Reputation: 3
I am trying to construct a loss function in Keras, in which I am penalizing the minimum distance between the prediction and a set of given values. The problem is I need to calculate the distance between the predicted values and my given values.
Example Code
def custom_loss(y_pred,y_test):
#Given values
centers=K.constant([[-2.5,-1],[-1.25,-2],[.5,-1],[1.5,.25]])
num_centers=K.int_shape(centers)[0]
#Begin constructing distance matrix
height=K.int_shape(y_pred)[0]
i=0
current_center=K.reshape(K.repeat(K.reshape(centers[i,:],[1,-1]),height),[height,2])
current_dist=K.sqrt(K.sum(K.square(y_pred-current_center),axis=1))
#Values of distance matrix for first center
Distance=K.reshape(current_dist,[height,1])
for i in range(1,num_centers):
current_center=K.reshape(K.repeat(K.reshape(centers[i,:],[1,-1]),height),[height,2])
current_dist=K.sqrt(K.sum(K.square(y_pred-current_center),axis=-1))
current_dist=K.reshape(current_dist,[height,1])
#Iteratively concatenate distances of y_pred from remaining centers
Distance=K.concatenate([Distance,current_dist],axis=-1)

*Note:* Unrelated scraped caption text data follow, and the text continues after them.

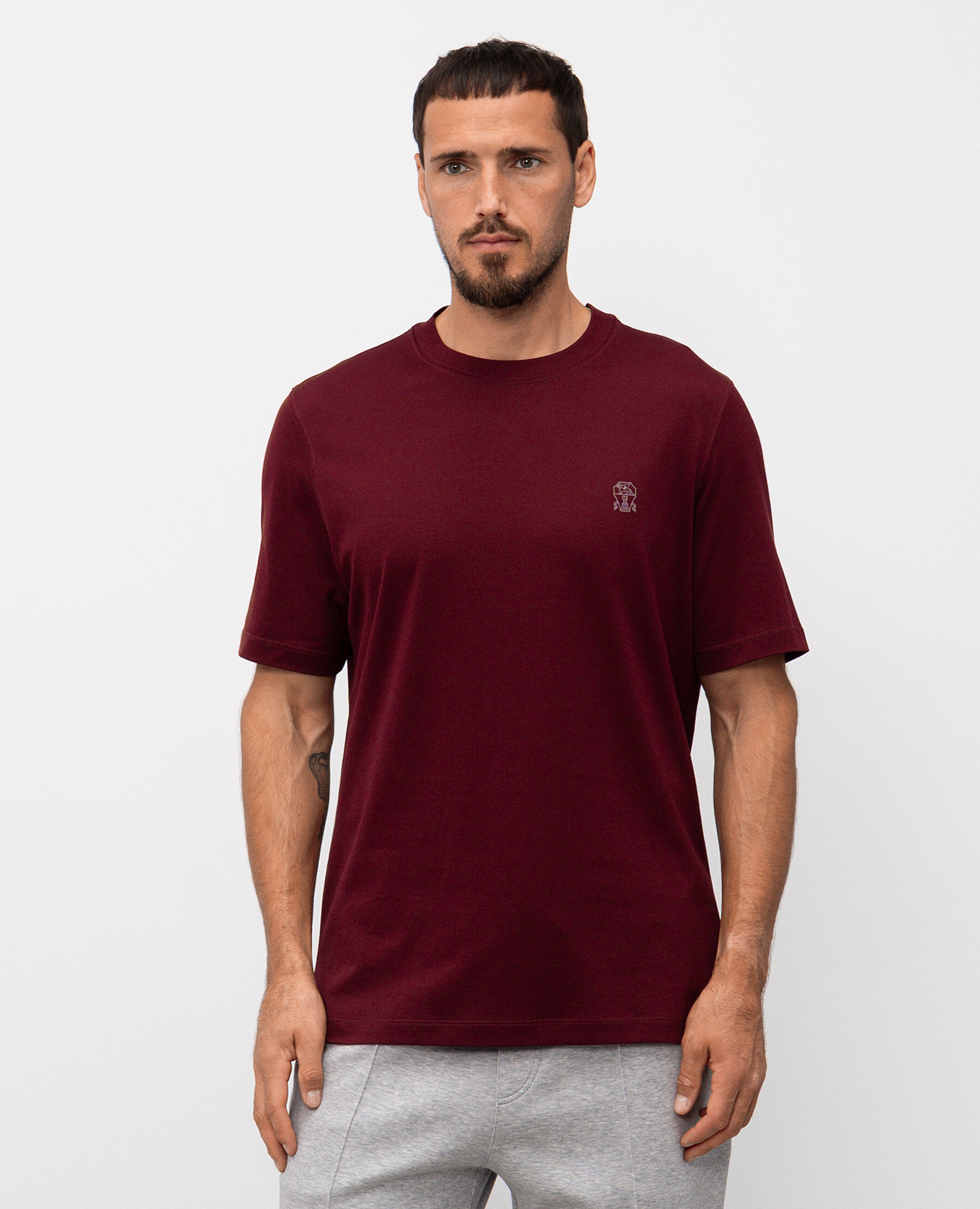 

Burgundy t-shirt with logo emblem print Brunello Cucinelli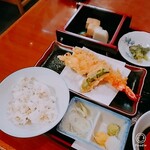 薮伊豆総本店 - ランチ　招き猫ランチ　天ぷら、かまぼこ、煮物、小鉢、そばご飯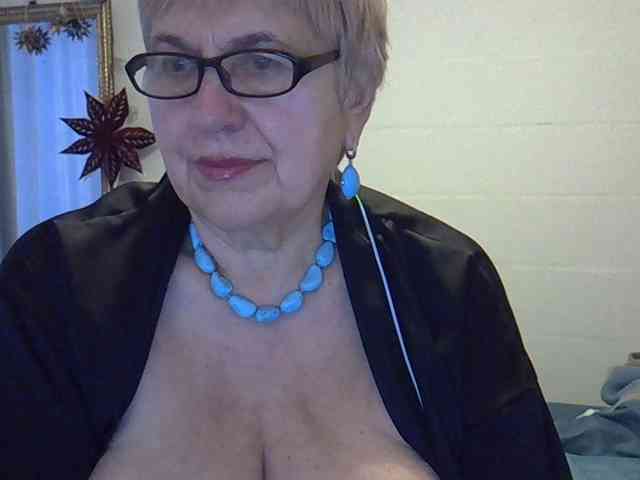 SweetCherry00 webcam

#Determine minimum distance from each predicted value to nearest center
A=K.min(A,axis=1)
#Return average minimum distance as loss
return K.sum(A)/float(height)
However, I can't remove the dependence in the function on the first dimension of y_pred, which is variable. I'm using array broadcasting to calculate the difference between y_pred and each of the given values, but I am explicitly broadcasting using the batch size, as I don't know how to do this without using the batch size in Keras. However, this gives an error as the batch size is not explicitly known when constructing the computational graph.
How can I avoid explictly broadcasting? Is there a more effective of calculating this distance matrix, as the current method is very clumsy?
Upvotes: 0
Views: 862
Reputation: 11895
Your loss function could be implemented using implicit broadcasting as follows:
import keras.backend as K
def custom_loss(y_true, y_pred):
centers = K.constant([[-2.5, -1], [-1.25, -2], [.5, -1], [1.5, .25]])
# Expand dimensions to enable implicit broadcasting
y_pred_r = y_pred[:, None, :] # Shape: (batch_size, 1, 2)
centers_r = centers[None, :, :] # Shape: (1, nb_centers, 2)
# Compute minimum distance to centers for each element
distances = K.sqrt(K.sum(K.square(y_pred_r - centers_r), axis=-1)) # Shape=(batch_size, nb_centers)
min_distances = K.min(distances, axis=-1) # Shape=(batch_size,)
# Output average of minimum distances
return K.mean(min_distances)
NOTE: Not tested.
Upvotes: 1